Throughout our Zoom university journey, our team noticed that we often forget to unmute our mics when we talk, or forget to mute it when we don't want others to listen in. To combat this problem, we created speakCV, a desktop client that automatically mutes and unmutes your mic for you using computer vision to understand when you are talking.
💻 What it does
speakCV automatically unmutes a user when they are about to speak and mutes them when they have not spoken for a while. The user does not have to interact with the mute/unmute button, creating a more natural and fluid experience.
🔧 How we built it
The application was written in Python: scipy and dlib for the machine learning, pyvirtualcam to access live Zoom video, and Tkinter for the GUI. OBS was used to provide the program access to a live Zoom call through virtual video, and the webpage for the application was built using Bootstrap.
⚙️ Challenges we ran into
A large challenge we ran into was fine tuning the mouth aspect ratio threshold for the model, which determined the model's sensitivity for mouth shape recognition. A low aspect ratio made the application unable to detect when a person started speaking, while a high aspect ratio caused the application to become too sensitive to small movements. We were able to find an acceptable value through trial and error. Another problem we encountered was lag, as the application was unable to handle both the Tkinter event loop and the mouth shape analysis at the same time. We were able to remove the lag by isolating each process into separate threads.
⭐️ Accomplishments that we're proud of
We were proud to solve a problem involving a technology we use frequently in our daily lives. Coming up with a problem and finding a way to solve it was rewarding as well, especially integrating the different machine learning models, virtual video, and application together.
🧠 What we learned
- How to setup and use virtual environments in Anaconda to ensure the program can run locally without issues.
- Working with virtual video/audio to access the streams from our own program.
- GUI creation for Python applications with Tkinter.

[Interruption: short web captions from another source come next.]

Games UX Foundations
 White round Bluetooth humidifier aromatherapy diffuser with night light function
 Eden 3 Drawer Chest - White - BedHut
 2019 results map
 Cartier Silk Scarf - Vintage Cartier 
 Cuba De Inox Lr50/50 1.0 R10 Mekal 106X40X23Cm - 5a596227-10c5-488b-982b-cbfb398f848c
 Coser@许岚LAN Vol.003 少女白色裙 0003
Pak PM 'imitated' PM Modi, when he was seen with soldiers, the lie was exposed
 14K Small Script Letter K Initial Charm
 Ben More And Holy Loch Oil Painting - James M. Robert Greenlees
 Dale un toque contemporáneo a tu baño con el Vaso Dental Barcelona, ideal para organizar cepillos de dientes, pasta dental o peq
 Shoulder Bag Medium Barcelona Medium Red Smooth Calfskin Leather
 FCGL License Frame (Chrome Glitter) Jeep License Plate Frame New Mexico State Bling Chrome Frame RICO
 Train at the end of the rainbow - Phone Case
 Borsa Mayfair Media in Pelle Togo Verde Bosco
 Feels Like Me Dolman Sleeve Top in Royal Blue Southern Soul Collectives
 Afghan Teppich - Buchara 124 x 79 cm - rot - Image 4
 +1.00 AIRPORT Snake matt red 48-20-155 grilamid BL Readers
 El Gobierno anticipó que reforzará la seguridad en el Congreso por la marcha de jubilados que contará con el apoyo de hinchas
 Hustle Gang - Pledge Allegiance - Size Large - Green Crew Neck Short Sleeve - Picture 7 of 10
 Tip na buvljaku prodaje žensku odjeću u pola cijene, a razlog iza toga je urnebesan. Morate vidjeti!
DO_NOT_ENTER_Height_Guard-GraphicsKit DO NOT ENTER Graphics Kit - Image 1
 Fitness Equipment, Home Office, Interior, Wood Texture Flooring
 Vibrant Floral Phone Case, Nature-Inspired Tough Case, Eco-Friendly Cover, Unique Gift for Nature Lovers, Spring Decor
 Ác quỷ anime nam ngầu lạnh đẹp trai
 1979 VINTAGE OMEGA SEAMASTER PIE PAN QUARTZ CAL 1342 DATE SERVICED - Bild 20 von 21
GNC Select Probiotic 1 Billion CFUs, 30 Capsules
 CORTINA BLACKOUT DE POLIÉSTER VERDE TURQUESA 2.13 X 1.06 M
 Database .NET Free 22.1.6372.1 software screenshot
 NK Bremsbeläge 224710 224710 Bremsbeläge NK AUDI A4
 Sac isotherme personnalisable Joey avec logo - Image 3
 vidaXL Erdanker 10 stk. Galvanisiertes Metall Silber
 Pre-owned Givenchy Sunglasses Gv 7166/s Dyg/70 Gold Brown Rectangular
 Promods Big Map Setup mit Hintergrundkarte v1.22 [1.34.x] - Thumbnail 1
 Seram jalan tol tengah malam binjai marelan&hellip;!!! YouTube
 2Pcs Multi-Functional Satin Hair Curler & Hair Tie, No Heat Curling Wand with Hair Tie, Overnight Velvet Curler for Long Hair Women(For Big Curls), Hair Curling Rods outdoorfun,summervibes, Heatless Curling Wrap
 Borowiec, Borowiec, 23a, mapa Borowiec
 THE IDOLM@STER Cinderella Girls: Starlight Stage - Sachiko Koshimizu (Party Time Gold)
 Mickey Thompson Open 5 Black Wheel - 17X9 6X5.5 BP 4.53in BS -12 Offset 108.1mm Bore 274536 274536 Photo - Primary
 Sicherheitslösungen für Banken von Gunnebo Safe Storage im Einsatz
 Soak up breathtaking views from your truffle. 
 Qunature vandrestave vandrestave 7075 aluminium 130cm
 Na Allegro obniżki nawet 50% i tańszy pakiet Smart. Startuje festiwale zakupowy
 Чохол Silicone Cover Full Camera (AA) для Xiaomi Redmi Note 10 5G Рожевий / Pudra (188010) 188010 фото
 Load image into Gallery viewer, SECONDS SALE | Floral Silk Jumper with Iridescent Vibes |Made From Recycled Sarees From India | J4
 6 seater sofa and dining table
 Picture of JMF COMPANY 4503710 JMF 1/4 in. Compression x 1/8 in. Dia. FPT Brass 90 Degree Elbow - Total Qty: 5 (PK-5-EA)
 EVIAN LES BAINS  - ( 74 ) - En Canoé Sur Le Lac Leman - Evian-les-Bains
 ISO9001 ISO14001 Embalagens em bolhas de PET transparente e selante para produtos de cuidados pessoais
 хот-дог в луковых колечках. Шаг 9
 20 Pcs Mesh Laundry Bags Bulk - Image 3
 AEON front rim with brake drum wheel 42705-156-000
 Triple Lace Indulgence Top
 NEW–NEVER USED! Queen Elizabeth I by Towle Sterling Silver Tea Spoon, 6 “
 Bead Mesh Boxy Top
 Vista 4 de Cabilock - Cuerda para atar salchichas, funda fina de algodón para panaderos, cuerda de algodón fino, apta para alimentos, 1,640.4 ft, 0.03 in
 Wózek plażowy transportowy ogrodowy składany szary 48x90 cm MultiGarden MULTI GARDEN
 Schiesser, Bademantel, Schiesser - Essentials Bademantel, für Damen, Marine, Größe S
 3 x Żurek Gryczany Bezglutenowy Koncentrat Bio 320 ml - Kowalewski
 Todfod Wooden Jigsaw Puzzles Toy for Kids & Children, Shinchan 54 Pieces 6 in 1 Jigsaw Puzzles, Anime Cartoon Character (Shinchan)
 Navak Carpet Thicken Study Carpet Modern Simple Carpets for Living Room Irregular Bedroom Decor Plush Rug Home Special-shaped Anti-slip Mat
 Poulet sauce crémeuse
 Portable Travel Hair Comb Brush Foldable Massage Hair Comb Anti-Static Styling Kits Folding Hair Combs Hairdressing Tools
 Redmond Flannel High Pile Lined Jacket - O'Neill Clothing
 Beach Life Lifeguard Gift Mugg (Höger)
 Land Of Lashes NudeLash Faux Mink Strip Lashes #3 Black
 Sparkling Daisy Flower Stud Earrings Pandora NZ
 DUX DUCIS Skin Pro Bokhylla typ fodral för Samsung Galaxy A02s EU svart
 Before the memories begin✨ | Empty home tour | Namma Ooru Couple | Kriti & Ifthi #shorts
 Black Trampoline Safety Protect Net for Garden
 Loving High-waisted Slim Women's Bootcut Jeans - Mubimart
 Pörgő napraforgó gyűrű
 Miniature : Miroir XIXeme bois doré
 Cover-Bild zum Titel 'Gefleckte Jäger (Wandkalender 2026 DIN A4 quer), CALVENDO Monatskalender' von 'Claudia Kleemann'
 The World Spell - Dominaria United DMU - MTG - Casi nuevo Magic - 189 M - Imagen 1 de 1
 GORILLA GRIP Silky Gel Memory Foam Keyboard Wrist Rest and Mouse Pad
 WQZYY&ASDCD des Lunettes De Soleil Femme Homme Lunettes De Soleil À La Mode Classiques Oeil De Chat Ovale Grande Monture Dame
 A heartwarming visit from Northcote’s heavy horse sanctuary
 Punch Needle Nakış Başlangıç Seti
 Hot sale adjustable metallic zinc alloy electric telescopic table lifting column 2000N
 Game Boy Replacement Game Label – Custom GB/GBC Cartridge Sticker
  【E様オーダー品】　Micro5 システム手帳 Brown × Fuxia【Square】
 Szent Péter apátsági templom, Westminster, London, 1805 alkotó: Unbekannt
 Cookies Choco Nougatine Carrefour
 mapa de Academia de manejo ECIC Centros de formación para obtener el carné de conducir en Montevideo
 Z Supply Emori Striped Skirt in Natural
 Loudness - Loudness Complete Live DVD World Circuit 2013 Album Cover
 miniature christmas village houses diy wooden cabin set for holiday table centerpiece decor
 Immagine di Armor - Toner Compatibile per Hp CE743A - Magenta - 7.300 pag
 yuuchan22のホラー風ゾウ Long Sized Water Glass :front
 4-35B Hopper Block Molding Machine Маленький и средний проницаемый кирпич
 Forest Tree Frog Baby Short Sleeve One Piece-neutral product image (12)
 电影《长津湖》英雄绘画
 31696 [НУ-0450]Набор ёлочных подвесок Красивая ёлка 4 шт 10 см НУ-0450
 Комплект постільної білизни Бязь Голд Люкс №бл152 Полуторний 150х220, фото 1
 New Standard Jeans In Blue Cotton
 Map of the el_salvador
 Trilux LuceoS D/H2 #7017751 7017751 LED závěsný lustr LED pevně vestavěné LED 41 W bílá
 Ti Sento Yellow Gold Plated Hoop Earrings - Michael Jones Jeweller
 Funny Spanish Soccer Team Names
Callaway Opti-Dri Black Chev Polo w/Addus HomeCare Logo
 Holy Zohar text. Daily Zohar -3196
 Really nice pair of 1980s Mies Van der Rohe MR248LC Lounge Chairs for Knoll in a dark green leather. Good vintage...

❤️ What's next for speakCV.
- Improve the precision of the shape recognition model, by further adjusting the mouth aspect ratio or by tweaking the contour spots used in the algorithm for determining a user's mouth shape.
- Moving the application to the Zoom app marketplace by making the application with the Zoom SDK, which requires migrating the application to C++.
- Another option is to use the Zoom API and move the application onto the web.